Introduction

Two things can be true in the same moment, and it can feel unbearable that they are: a real, genuine commitment to staying clean, sitting right alongside a real, genuine pull toward using. Not one canceling the other out, the way it seems like it should work. Both, at once, tugging in opposite directions, with no clear way to make the discomfort of that stop simply by trying harder to pick a side once and for all.

Ambivalence Isn't a Symptom — It's the Starting Material

One of the foundational ideas in modern approaches to behavior change is that ambivalence isn't a deviation from the process of change. It's the raw material the process is made of. Feeling torn doesn't mean someone is doing recovery wrong, or that they're secretly not serious about it, or that they've hit some kind of ceiling on how far they can actually go. It means they're a person with a real history, real associations, and a real nervous system that hasn't fully caught up yet to a decision the rest of them has already made with total sincerity. Expecting that pull to disappear completely before trusting your own commitment sets up a bar that almost nobody actually clears, especially not early on, and often not for a long while after that either.

You Can Be Mostly Committed and Still Feel the Rest

It's easy to assume that feeling any pull toward using at all means the commitment underneath it must be shaky or insincere somehow. In practice, someone can be genuinely, seriously committed — actively building a different life, showing up for the hard parts, meaning it completely, telling the truth about their intentions to themselves and everyone around them — and still feel a real pull in the other direction, because that pull is often rooted in a reward system that took a long time to build and doesn't get fully rewired just because a decision got made, however firmly. The presence of the pull says something about how the brain adapts over years of repetition. It doesn't say anything reliable about how sincere the decision is right now.

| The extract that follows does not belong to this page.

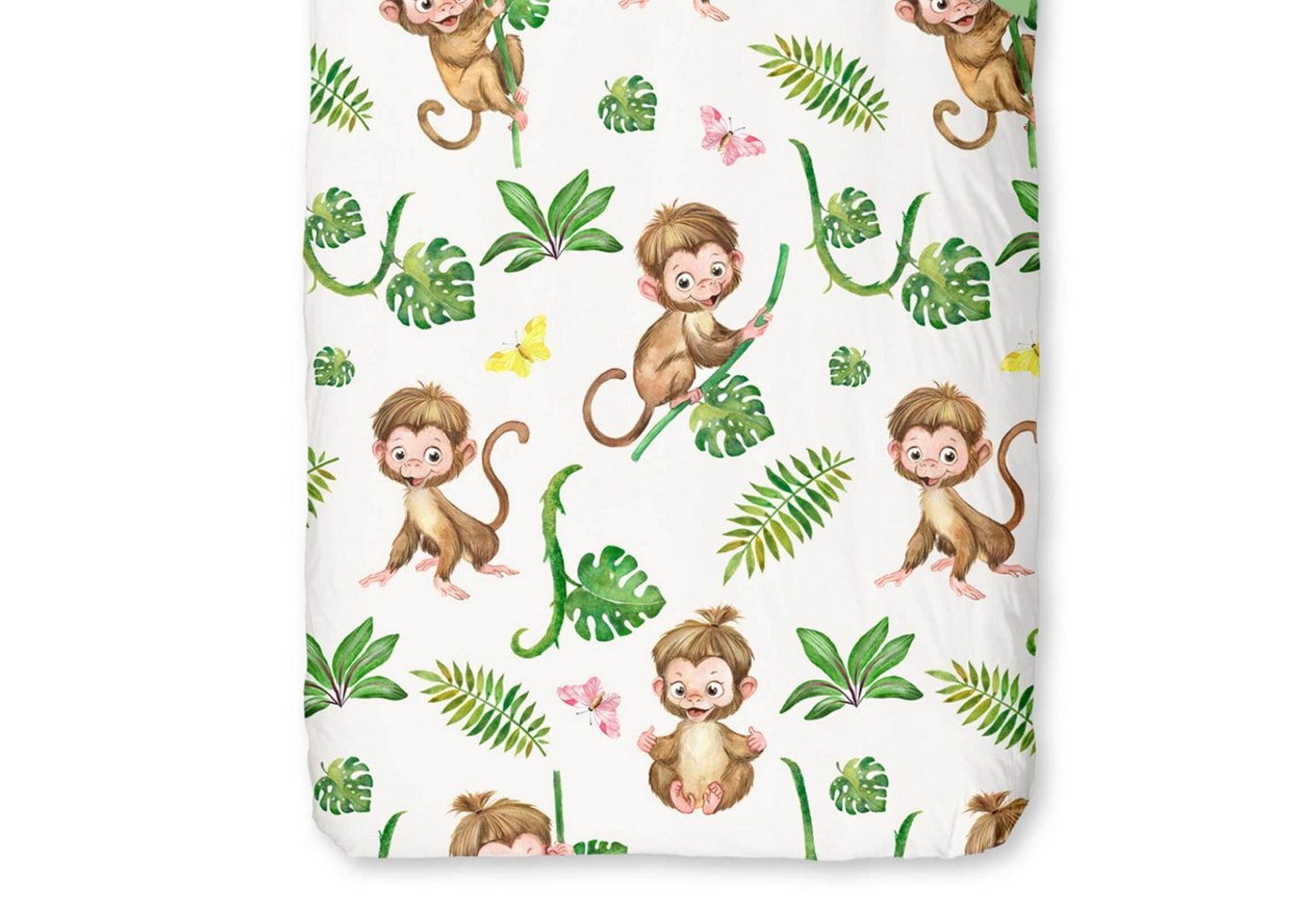 ESPiCO Bettwäsche Kletteraffe Grün, Baumwolle, 2 teilig, Trendy Bedding – Bild 3 von 5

Why Suppressing One Side Tends to Make It Louder

A common instinct is to try to silence the wanting-to-use side entirely — refusing to even acknowledge it, treating any trace of it as a threat that has to be stamped out immediately. This often backfires. Thoughts and urges that get aggressively suppressed tend to become more persistent and intrusive, not less, a pattern well documented across psychology more broadly and not unique to addiction. Naming both sides of the pull honestly, out loud or on paper — "part of me wants this, and part of me is completely done with it, and both parts are real" — tends to lower the internal pressure more effectively than trying to argue one side out of existence.

The Goal Isn't to Eliminate the Pull Before Acting

A trap worth naming directly: waiting to feel fully, completely certain before trusting your own actions sets an impossible precondition. For a lot of people, that full certainty doesn't arrive until well after a long stretch of consistent choices has already been made — it's often a result of sustained action, not a prerequisite for it. The more workable standard isn't "I don't feel the pull anymore." It's "I'm making the choice that matches where I actually want to end up, even while I still feel the pull." That's a lower, more honest bar, and it's one that's actually achievable in the middle of a hard day rather than only on an easy one.

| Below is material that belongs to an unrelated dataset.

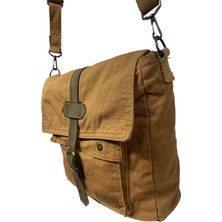 Old Cotton Cargo Kaliteli Vintage Salaş Kapaklı Disayn  Günlük Okul Gezi Postacı Omuz Çantası 27X30CM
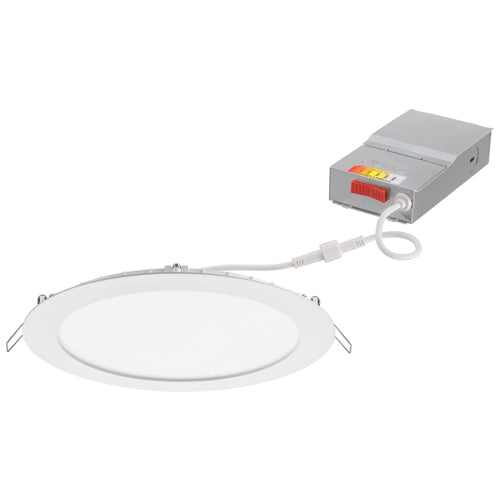 Juno WF8 SWW5 90CRI MW M6, 8'' Round Flat Wafer-Thin LED Canless Downlight, 120V, Switchable CCT, 90+ CRI, Matte White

This Isn't Unique to Addiction, Even Though It Can Feel That Way

This particular kind of internal split isn't exclusive to substance use. People leaving unhealthy relationships often describe missing the person even while knowing, with complete clarity, that the relationship was harmful. People leaving jobs they know are wrong for them often feel a real pull back toward the familiar structure, the routine, even the parts they complained about, even while actively working toward something better. Wanting two incompatible things at the same time seems to be a fairly ordinary feature of how people navigate any major, difficult change, not a special complication that only shows up in addiction. That doesn't make the pull weaker or easier to sit with. It does mean you're not experiencing something uniquely broken about yourself.

What Helps When Both Sides Are Loud at Once

A few things tend to help when the pull in both directions is especially intense: separating the feeling from the decision explicitly, rather than treating the strength of the feeling as a verdict about what you should do next; delaying any action until the intensity naturally settles, since these states rarely stay at their peak for long, no matter how permanent they feel while they're happening; and reminding yourself, concretely and specifically, of the actual reasons behind the direction you've chosen, rather than relying on the feeling of certainty to carry you through, since that feeling is often exactly the thing that's currently missing in this particular moment.

The Bottom Line

Feeling pulled in two directions isn't proof that your recovery is unstable or that you're secretly not serious about it deep down. For most people, it's simply what the middle of this process feels like from the inside, for far longer than anyone tells you upfront when you're just getting started. You're allowed to feel the pull and still walk in the other direction anyway. That combination isn't a contradiction to be resolved before you can move forward. It's most of what real commitment actually looks like in practice, on an ordinary Tuesday, long before it ever feels effortless.